Clovis backed Santorum's 2012 presidential campaign, which was fueled by a delayed victory over eventual GOP nominee Mitt Romney in the Iowa caucuses. Clovis currently lags in the latest polls, far behind Iowa state Sen. Joni Ernst and businessman Mark Jacobs. Matthew Whitaker, the former U.S. Attorney for the southern district of Iowa, is also running. If no candidate cracks 35% of the GOP primary vote, the nomination will be decided by around 2,000 delegates at a state party convention.
Handel is one of five major candidates in a bitter primary fight in Georgia. The other candidates are businessman David Perdue and Reps. Phil Gingrey, Paul Broun and Jack Kingston. Handel, Kingston and Perdue, rather than the more conservative Broun and Gingrey, are the names battling for the top spot in the latest public opinion polls.

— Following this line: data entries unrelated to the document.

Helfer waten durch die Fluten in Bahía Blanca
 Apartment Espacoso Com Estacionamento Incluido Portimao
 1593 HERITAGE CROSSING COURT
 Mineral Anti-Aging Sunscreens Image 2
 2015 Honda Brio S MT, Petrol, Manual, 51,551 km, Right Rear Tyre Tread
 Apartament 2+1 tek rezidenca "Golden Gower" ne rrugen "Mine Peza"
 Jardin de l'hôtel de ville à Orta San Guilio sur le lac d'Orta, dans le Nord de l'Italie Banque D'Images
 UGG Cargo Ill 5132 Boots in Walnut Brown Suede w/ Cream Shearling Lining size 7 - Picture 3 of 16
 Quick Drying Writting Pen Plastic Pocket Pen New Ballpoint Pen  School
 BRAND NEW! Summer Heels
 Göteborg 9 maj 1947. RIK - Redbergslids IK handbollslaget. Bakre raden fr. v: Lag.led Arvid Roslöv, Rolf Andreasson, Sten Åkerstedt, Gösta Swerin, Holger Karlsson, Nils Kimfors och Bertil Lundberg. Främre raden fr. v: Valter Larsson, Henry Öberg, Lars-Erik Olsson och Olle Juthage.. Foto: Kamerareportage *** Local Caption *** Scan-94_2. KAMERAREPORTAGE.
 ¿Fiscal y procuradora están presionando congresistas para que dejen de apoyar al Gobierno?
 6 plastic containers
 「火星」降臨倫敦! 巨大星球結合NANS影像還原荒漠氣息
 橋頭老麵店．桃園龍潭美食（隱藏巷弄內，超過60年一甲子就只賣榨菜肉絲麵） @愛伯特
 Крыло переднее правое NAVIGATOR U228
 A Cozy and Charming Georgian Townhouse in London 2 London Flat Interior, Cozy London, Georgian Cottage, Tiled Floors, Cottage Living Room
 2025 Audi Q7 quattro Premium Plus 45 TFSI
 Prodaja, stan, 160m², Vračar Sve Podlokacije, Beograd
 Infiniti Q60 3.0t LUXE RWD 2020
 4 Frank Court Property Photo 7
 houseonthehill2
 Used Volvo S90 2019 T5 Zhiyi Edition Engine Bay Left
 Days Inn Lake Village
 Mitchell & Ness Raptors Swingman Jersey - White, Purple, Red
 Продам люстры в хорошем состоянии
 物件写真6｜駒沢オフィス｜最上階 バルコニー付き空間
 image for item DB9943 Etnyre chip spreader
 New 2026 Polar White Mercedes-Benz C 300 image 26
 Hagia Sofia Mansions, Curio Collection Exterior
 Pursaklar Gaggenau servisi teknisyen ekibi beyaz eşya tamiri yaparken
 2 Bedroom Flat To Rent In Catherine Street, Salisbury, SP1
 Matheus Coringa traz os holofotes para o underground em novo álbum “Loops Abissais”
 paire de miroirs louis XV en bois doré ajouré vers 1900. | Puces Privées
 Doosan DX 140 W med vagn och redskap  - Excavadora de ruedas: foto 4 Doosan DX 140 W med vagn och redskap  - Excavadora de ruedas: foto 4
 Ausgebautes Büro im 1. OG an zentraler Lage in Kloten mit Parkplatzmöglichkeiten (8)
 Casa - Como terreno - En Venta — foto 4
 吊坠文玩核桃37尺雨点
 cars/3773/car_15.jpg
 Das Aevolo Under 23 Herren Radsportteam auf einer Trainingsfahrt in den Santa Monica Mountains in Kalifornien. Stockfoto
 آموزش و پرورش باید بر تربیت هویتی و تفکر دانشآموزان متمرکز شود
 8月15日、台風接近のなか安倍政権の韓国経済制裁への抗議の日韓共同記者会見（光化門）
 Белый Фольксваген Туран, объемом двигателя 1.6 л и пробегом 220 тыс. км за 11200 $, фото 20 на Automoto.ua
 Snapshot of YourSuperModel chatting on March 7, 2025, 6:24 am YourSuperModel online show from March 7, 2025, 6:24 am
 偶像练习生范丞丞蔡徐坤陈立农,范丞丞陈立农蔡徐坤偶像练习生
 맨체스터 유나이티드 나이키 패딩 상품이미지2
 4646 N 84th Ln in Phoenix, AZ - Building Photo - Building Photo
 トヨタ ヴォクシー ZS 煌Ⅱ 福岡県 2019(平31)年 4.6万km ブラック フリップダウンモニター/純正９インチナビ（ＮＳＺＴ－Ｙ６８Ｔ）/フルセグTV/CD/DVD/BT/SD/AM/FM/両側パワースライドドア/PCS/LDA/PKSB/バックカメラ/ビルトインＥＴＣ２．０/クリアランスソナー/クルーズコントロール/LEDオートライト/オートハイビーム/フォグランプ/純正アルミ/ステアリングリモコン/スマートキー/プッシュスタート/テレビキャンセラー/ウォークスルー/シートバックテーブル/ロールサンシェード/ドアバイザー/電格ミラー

Since no candidate's expected to top 50%, this contest is all but certain to head to a July 22 runoff between the top two finishers.
In Oregon, a vote-by-mail state, Conger trails in the most recent polls to Portland pediatric neurosurgeon Dr. Monica Wehby.
Two candidates Santorum recently endorsed won victories in Tuesday's primaries.
Midland University President Ben Sasse, a former Bush administration official, came out on top in the Senate GOP primary in Nebraska. In recent weeks Sasse won the backing of Santorum as well as former Alaska Gov. Sarah Palin, and Sens. Ted Cruz of Texas and Mike Lee of Utah. Sasse is now the favorite to win November's general election in the race to succeed retiring Republican Sen. Mike Johanns.
And conservative candidate Alex Mooney, who enjoyed Santorum's support, won a wide-open GOP nomination in West Virginia's 2nd Congressional District.
While making primary endorsements can be risky for potential White House contenders, especially one in Iowa, the state that kicks off the presidential caucus and primary calendar, Santorum is not one to play it safe.
But he tells CNN that these endorsements are not about himself, or any 2016 ambitions.
"These endorsements are about the future of this country. If we are going to stop President Obama's agenda and change the direction of this country, we have to elect strong conservatives to the U.S. Senate. I am committed to doing whatever I can to help make that happen," Santorum said.
But he also used the endorsements to mention his new book.
"Many of these candidates are also advocating the same message that is in my book Blue Collar Conservatives. They understand how to move our country forward, and I am pleased to help them take that vision to the U.S. Senate."